I need a tool that will go out and scrape ads from various ad frame urls I specify and report back via web and an exported excel spreadsheet how many times the ads is seen on that specific ad frame.
The scraper needs to have the ability to be configured to scrape ad frames a specific amount of times in a single run. I expect this script to be able to be run via a cron job.
Itemized requirements:
1.) Allow the user the ability to input specific ad frames (urls) to scrape
2.) Allow the user to specify the amount of times an ad frame (url) is scraped in a single run
a.) For example in a single run through all the urls, each ad block can be configured to be refreshed and scraped 100, 200, 300, or however many times I’d like.
3.) Parse unique ads and count the cumulative amount of times they’ve appeared over the course of the following
a.) A specific day
b.) A specific set of days
c.) A week
d.) A month
e.) Since the scraper started counting
4.) Report both the ad, domain, and the associated landing page url for a particular ad.
Note, that grabbing the associated landing page for a particular ad may force us to click on the ad. Make this option configurable so that we have to option of clicking on the ad to get to the landing page or not clicking and only gathering ad information.
5.) Report the number of times a particular ad shows up in a particular position (examples below)
a.) Out of 500 queries on October 15th on site X, Penny Stock Ad showed up position #1 250 times, position #2 150 times and position #3 100 times
b.) Out of 2000 queries from October 15th to October 17 on site Y, Biz Op Ad showed up at position #1 1000 times and position #2 1000 times
6.) Allow the user to ad a description of the ad frame link that they will be querying. (example below)
a.) I want to enter the link: http://ads.tw.adsonar.com/adserving/getAds.jsp?previousPlacementIds=&placementId=1505691&pid=1990767&ps=-1&zw=627&zh=195&url=http%3A//www.dailyfinance.com/&v=5&dct=Business%20News%2C%20Stock%20Quotes%2C%20Investment%20Advice%20-%20DailyFinance&ref=http%3A//www.aol.com/
The above link corresponds to some text string I input like (AOL Finance Ad at bottom of the page) = Link Above
7.) The adscraper needs the ability to run at various intervals. Every hour, 2 hours, 3 hours, 30 mins, 15 mins, etc…..

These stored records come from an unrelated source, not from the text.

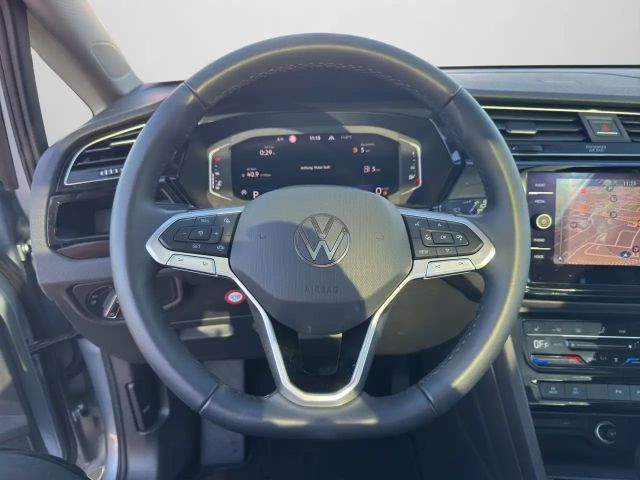 Volkswagen Touran 1.5 TSI DSG Highline Style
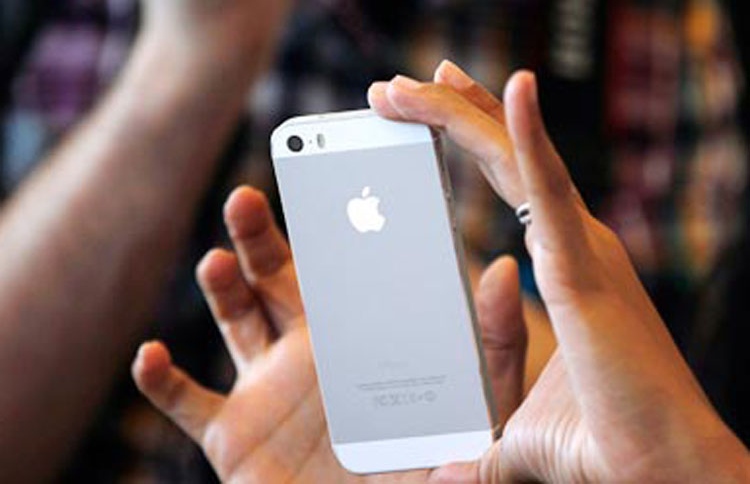 އައިފޯނު ވިޔަފާރި އިންޑިއާގައި ދަށަށް؛ ޗައިނާއާ ހެދި؟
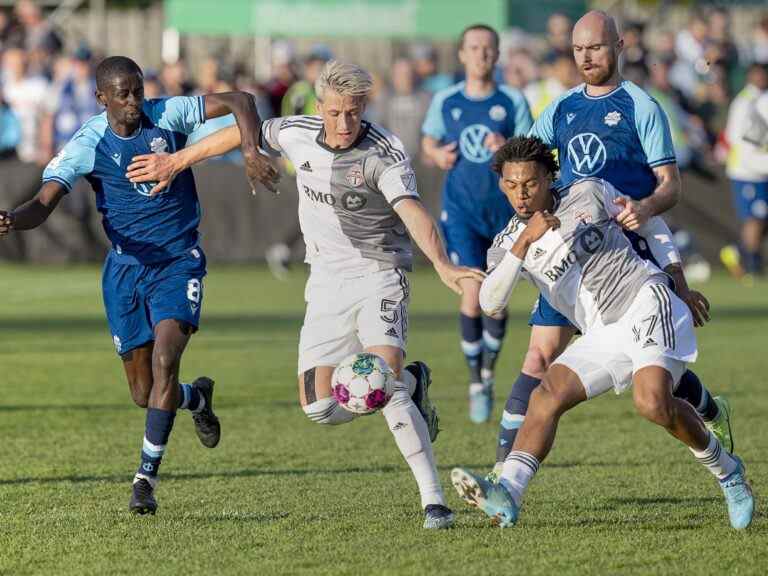 Jonathan Osorio du Toronto FC revient alors que le Toronto FC bat les Halifax Wanderers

8.) Be efficient and quick gathering scraping data as I will need it to scrape each ad at a minimum of 100 times per run. (open to suggestions to make the script fast)
9.) All time reporting needs to be in EST.
10.) Need the ability to pull data for any time period I like without lose of data integrity.
a.) Show all information between yesterday and today
11.) Be able to show all ads over a time period for a specific ad block.
a.) Show all ads and associated info that showed up on the ESPN Ad block over the past week.
b.) Show all ads and associated info that showed up on the AOL Finance Ad block over the past 2 days
I’ve included a file that contains many of the ad links I will be putting in the tool. You can put them in the tool and use them for testing.
Ad Scraper must run on a linux shared hosting server (Godaddy) and programmer must assist in the install of the script to signify delivery of project.